What is the difference between fixed and variable?
A fixed rate home loan offers a range of terms at a set interest rate that is applicable for the agreed term of the loan. At the end of the fixed, borrowers can either fix their rate again or switch to a variable interest rate.
A variable rate home loan can rise and fall depending on the official cash rate and the costs of funding being experienced by mortgage providers.
Borrowers can also choose to split their home loan by choosing to have some of their loan in a fixed term and interest rate and the remainder on a variable interest rate. This option provides a balance between the certainty of repayment amounts and flexibility.
Why choose a fixed rate loan
If you need to follow a carefully thought through budget to manage your cash flow and are looking for certainty in repayment amounts, a fixed rate home loan would be the preferred option. Homebuyers with a number of financial responsibilities who are working to a strict budget can feel secure knowing that their repayments will be consistent and that their interest rate is protected from further increases during the term of the loan.

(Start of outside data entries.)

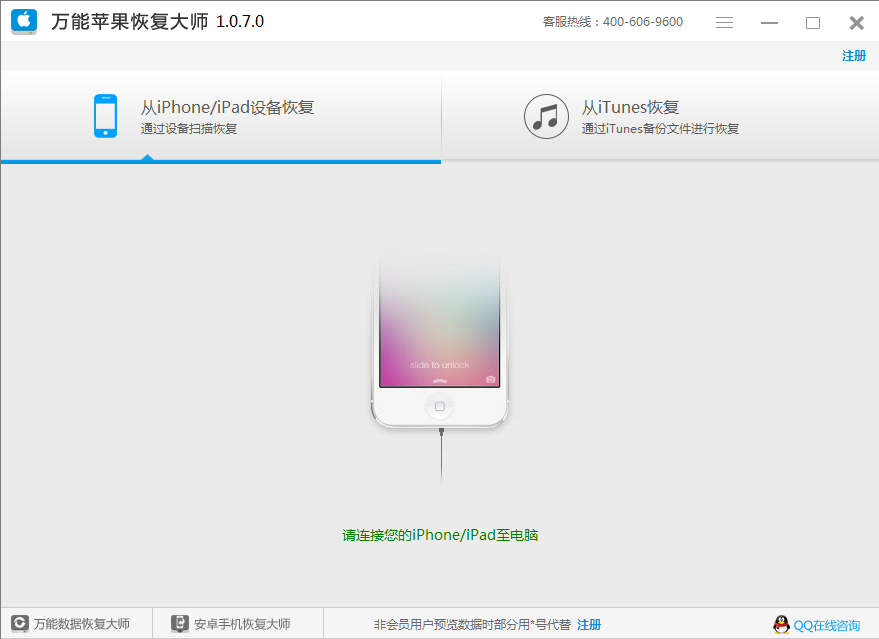 苹果手机不越狱找回丢失数据的具体操作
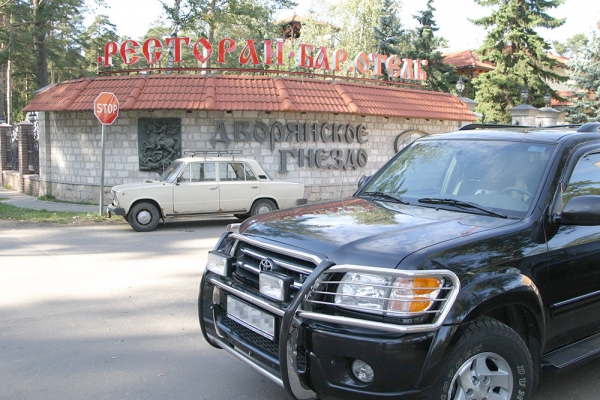 Съездил не по делу Съездил не по делу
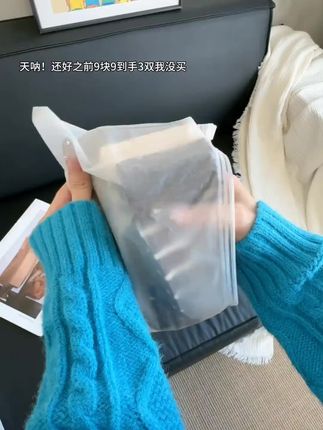 商家真的疯了,个位数直接发8️⃣双!还是这是美拉德色系的,真的太有氛围感了!随便怎么搭都巨好看的袜子,闭眼入#袜子穿搭 #百搭袜子 #堆堆袜 #韩版ins风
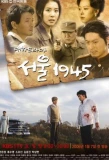 Poster for Seoul 1945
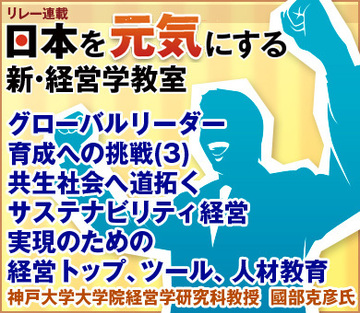グローバルリーダー育成への挑戦(3)共生社会へ道拓くサステナビリティ経営実現のための経営トップ、ツール、人材教育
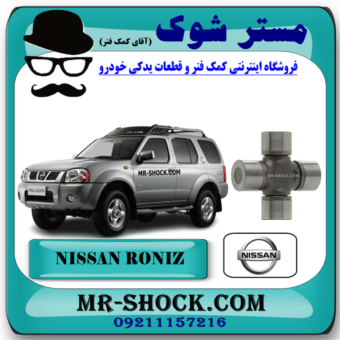 چهار شاخ گاردان بزرگ عقب نیسان رونیز برند اصلی نیسان موتور با بهترین قیمت در فروشگاه مستر شوک (آقای کمک فنر) مرکز فروش قطعات یدکی خودرو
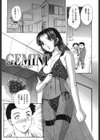 天国にいちばん遠い家試し読み4ページ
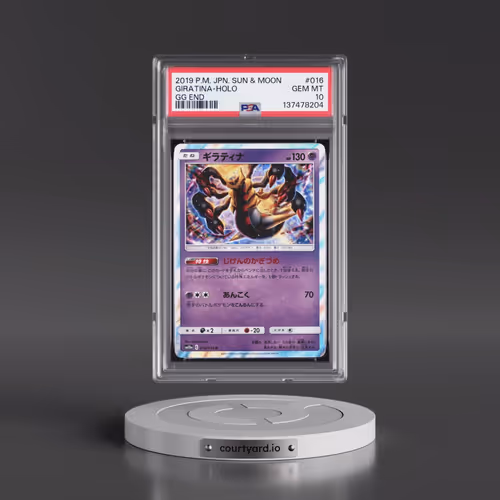 2019 Pokémon Sun & Moon GG End #016 Giratina - Holo (PSA 10 GEM MINT)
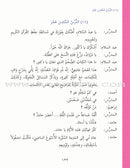 Ultimate Arabic: Book 3B دروس اللغة العربية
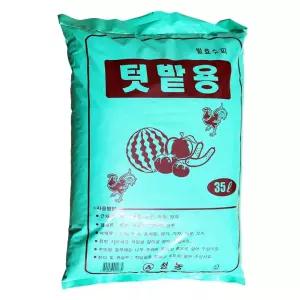텃밭용 발효 수피 35L 분갈이 흙 퇴비 밑거름 화분 식물 재배 토양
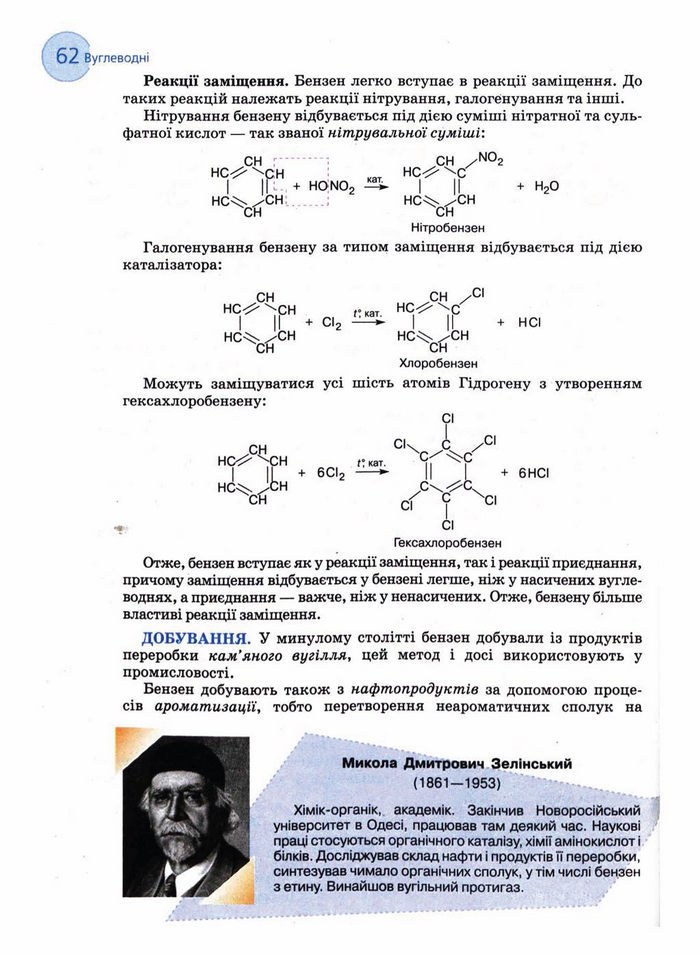 Підручник Хімія 11 клас Величко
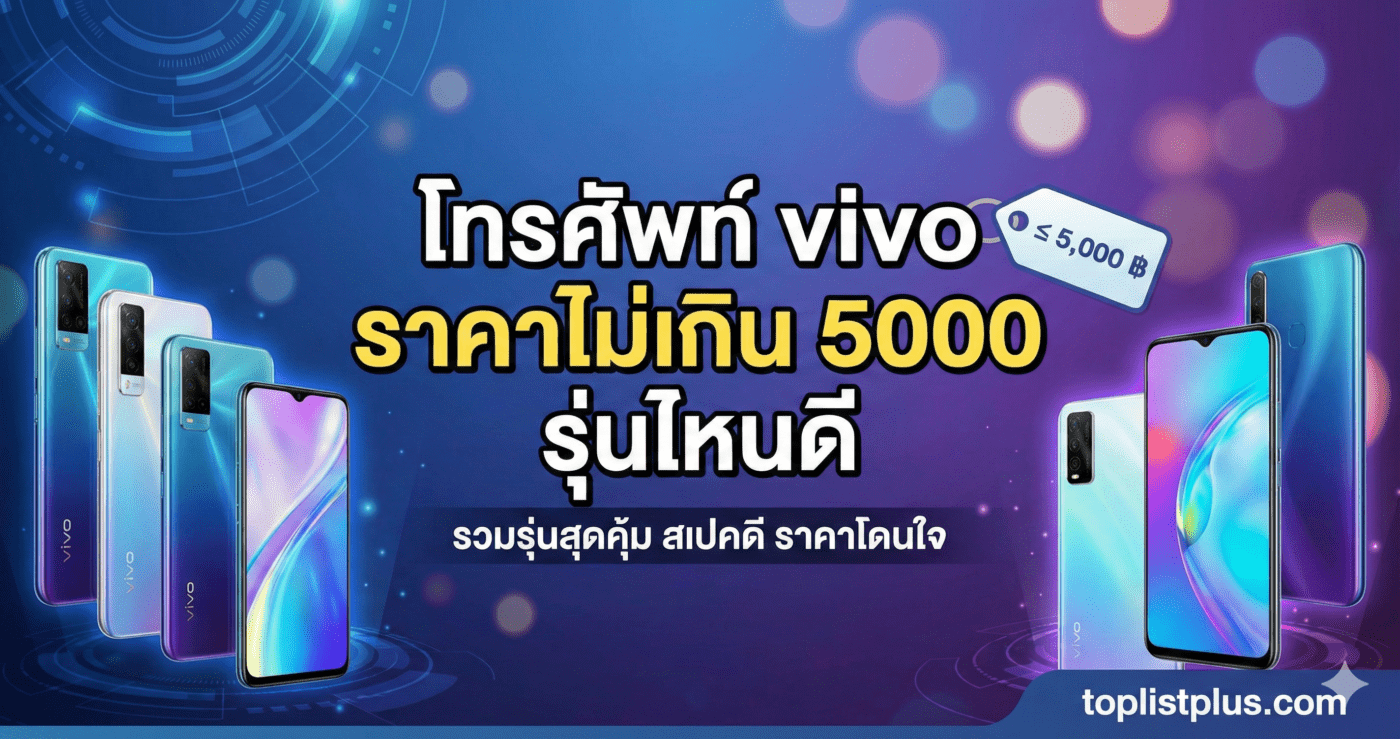 รูปภาพหน้าปกสำหรับบทความแนะนำ โทรศัพท์ vivo ราคาไม่เกิน 5000 รุ่นไหนดี รวมรุ่นสมาร์ทโฟน vivo สุดคุ้ม สเปคดี ในงบประหยัด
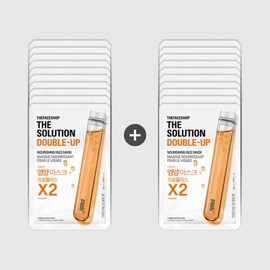The Face Shop 더페이스샵 20매묶음  더 솔루션 더블업 영양마스크시트 The Face Shop 20 Sheets Bundle The Solution Double Up Nourishing Mask Sheet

Variable loan is the way to go
One of the key advantages of a variable loan is that it provides flexibility. Should you find that you have surplus cash each month you can increase the repayments to pay the loan off faster. Or if you receive a bonus this can be paid into the variable loan which can potentially save substantial interest payments in the longer term. These overpayments into the loan can also be redrawn should you find the need for the funds elsewhere.

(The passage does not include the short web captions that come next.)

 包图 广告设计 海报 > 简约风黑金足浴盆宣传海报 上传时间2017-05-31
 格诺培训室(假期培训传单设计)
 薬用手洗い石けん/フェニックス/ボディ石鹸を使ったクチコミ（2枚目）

Overpayments on both loans
Fixed rate loans on the other hand are a little more restrictive in terms of overpaying or redrawing from the loan. For example, a Commonwealth Bank fixed rate allows overpayments of up to $10,000 per annum without any interest adjustment payable. Any amount over $10,000 may attract a fee to adjust the interest payments. Unlike a variable loan, once these funds are paid into the loan they cannot be redrawn.
As fixed rate loans are for a defined period of time they are less flexible should you want to repay the loan early. As a result of the fixed nature of the loan, you may be liable for break costs if you repay it before the end of the fixed period.
With this in mind, if you are looking for the security of a fixed rate, but would also like to keep your options open in the event of an improved financial position; ensure that you consider carefully the length of time you fix your loan.
You can do both
You can also safeguard against unpredictable market conditions by taking out a Split Rate Loan. This option allows you to ‘hedge your bets’ by nominating how much of your loan is fixed and how much is variable.
Recent increases in interest rates have many homebuyers believing they should lock in a fixed interest rate. While this would work to safeguard against future increases, the key is not to make a rushed decision. There is no guarantee of more rate increases, such is the volatile nature of the market, therefore many home loan buyers can choose the split option to have both certainties of future loan payments and an element of flexibility with a portion of the loan on a variable rate.
Another reason why you should select ‘variable’
If you are in a position of complete financial flexibility, a variable rate home loan could be the best choice for you. Choosing a variable interest rate means you directly benefit when market rates drop. Create a budget to ensure you are able to make your repayments if rates rise and enjoy the periods when rates are lower.
Before you make the final decision
It is most important that you properly assess your situation and options before choosing your home loan. You will be able to make your repayments with ease if you have a well informed loan strategy that suits your individual needs.